In addition to all other rights, options, and remedies granted to the holders of the Notes,
upon the occurrence and during the continuation of an Event of Default, the holders of the
Notes may exercise all other rights granted to it under the Notes and all rights under the
UCC in effect in the applicable jurisdiction(s) and under any other applicable law, including
the right to take possession of, send notices regarding, and collect directly the Collateral,
with or without judicial process, and to exercise all rights and remedies available to the
holders of the Notes with respect to the Collateral under the UCC in effect in the applicable
jurisdiction(s). |
5.
Miscellaneous.
(a)
Amendments in Writing. None of the terms or provisions of this Guarantee may be waived, amended, supplemented or otherwise modified
except in writing by the Purchasers.
(b)
Notices. All notices, requests and demands to or upon the Purchasers or any Guarantor hereunder shall be effected in the manner
provided for in the Purchase Agreement, provided that any such notice, request or demand to or upon any Guarantor shall be addressed
to such Guarantor at its notice address set forth on the signature page attached hereto.
(c)
No Waiver By Course Of Conduct; Cumulative Remedies. The Purchasers shall not by any act (except by a written instrument pursuant
to Section 5(a)), delay, indulgence, omission or otherwise be deemed to have waived any right or remedy hereunder or to have acquiesced
in any default under the Purchase Agreements or Event of Default. No failure to exercise, nor any delay in exercising, on the part of
the Purchasers, any right, power or privilege hereunder shall operate as a waiver thereof. No single or partial exercise of any right,
power or privilege hereunder shall preclude any other or further exercise thereof or the exercise of any other right, power or privilege.

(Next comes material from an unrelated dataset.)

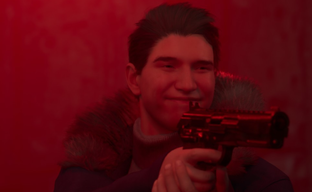 Создатели Stray Souls закрывают студию после провального релиза. Выходец из Bloober Team сделал плохой хоррор на UE5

A waiver by the Purchasers of any right or remedy hereunder on any one occasion shall not be construed as a bar to any right or remedy
which the Purchasers would otherwise have on any future occasion. The rights and remedies herein provided are cumulative, may be exercised
singly or concurrently and are not exclusive of any other rights or remedies provided by law.
(d)
Enforcement Expenses; Indemnification.
(i)
Each Guarantor agrees to pay, or reimburse the Purchasers for, all its costs and expenses incurred in collecting against such Guarantor
under the guarantee contained in Section 2 or otherwise enforcing or preserving any rights under this Guarantee, including, without limitation,
the reasonable fees and disbursements of counsel to the Purchasers.
(ii)
Each Guarantor agrees to pay, and to save the Purchasers harmless from, any and all liabilities with respect to, or resulting from any
delay in paying, any and all stamp, excise, sales or other taxes which may be payable or determined to be payable in connection with
any of the transactions contemplated by this Guarantee.
(iii)
Each Guarantor agrees to pay, and to save the Purchasers harmless from, any and all liabilities, obligations, losses, damages, penalties,
actions, judgments, suits, costs, expenses or disbursements of any kind or nature whatsoever with respect to the execution, delivery,
enforcement, performance and administration of this Guarantee to the extent the Company would be required to do so pursuant to the Purchase
Agreement.
(iv)
The agreements in this Section shall survive repayment of the Obligations and all other amounts payable under the Purchase Agreement.
(e)
Successor and Assigns. This Guarantee shall be binding upon the successors and assigns of each Guarantor and shall inure to the
benefit of the Purchasers and their respective successors and assigns; provided that no Guarantor may assign, transfer or delegate any
of its rights or obligations under this Guarantee without the prior written consent of the Purchasers.
(f)
Set-Off. Each Guarantor hereby irrevocably authorizes the Purchasers at any time and from time to time while an Event of Default
under any of the Purchase Agreements shall have occurred and be continuing, without notice to such Guarantor or any other Guarantor,
any such notice being expressly waived by each Guarantor, to set-off and appropriate and apply any and all deposits, credits, indebtedness
or claims, in any currency, in each case whether direct or indirect, absolute or contingent, matured or unmatured, at any time held or
owing by the Purchasers to or for the credit or the account of such Guarantor, or any part thereof in such amounts as the Purchasers
may elect, against and on account of the obligations and liabilities of such Guarantor to the Purchasers hereunder and claims of every
nature and description of the Purchasers against such Guarantor, in any currency, whether arising hereunder, under the Purchase Agreement,
or otherwise, as the Purchasers may elect, whether or not the Purchasers have made any demand for payment and although such obligations,
liabilities and claims may be contingent or unmatured. The Purchasers shall notify such Guarantor promptly of any such set-off and the
application made by the Purchasers of the proceeds thereof, provided that the failure to give such notice shall not affect the validity
of such set-off and application. The rights of the Purchasers under this Section are in addition to other rights and remedies (including,
without limitation, other rights of set-off) which the Purchasers may have.
(g)
Counterparts. This Guarantee may be executed by one or more of the parties to this Guarantee on any number of separate counterparts
(including by telecopy), and all of said counterparts taken together shall be deemed to constitute one and the same instrument.
(h)
Severability. Any provision of this Guarantee which is prohibited or unenforceable in any jurisdiction shall, as to such jurisdiction,
be ineffective to the extent of such prohibition or unenforceability without invalidating the remaining provisions hereof, and any such
prohibition or unenforceability in any jurisdiction shall not invalidate or render unenforceable such provision in any other jurisdiction.
(i)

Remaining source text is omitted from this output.